*** Opening of TASK DATA ***

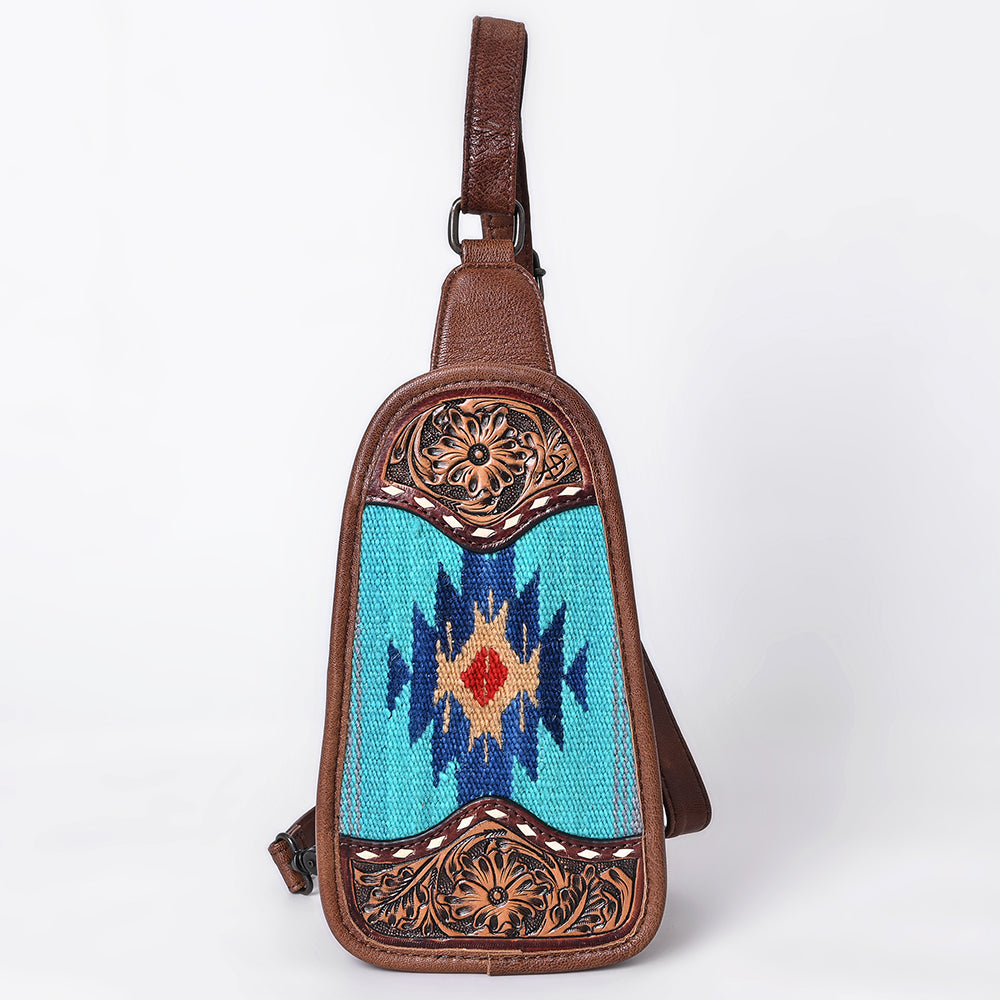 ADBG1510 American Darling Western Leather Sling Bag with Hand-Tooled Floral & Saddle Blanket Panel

*** Close of TASK DATA ***
*** Opening of TASK DATA ***

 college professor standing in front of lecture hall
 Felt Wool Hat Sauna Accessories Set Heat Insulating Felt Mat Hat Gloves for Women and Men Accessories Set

*** Close of TASK DATA ***
*** Opening of TASK DATA ***

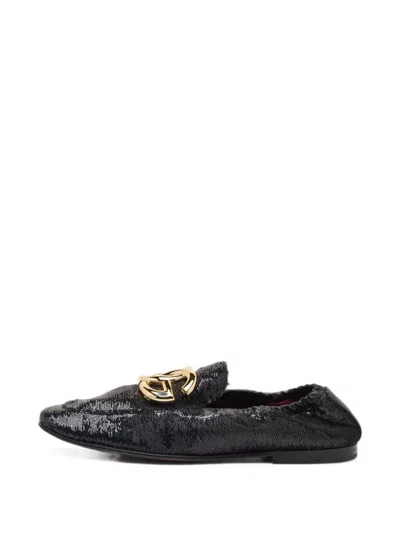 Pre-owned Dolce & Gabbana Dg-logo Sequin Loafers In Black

*** Close of TASK DATA ***

ASSIGNMENT: The required answer is the exact run of lines above starting at the line with "college professor standing" and ending at the line with "Felt Wool Hat", with both ends present.

RESULT OF THIS TASK:
 college professor standing in front of lecture hall
 Felt Wool Hat Sauna Accessories Set Heat Insulating Felt Mat Hat Gloves for Women and Men Accessories Set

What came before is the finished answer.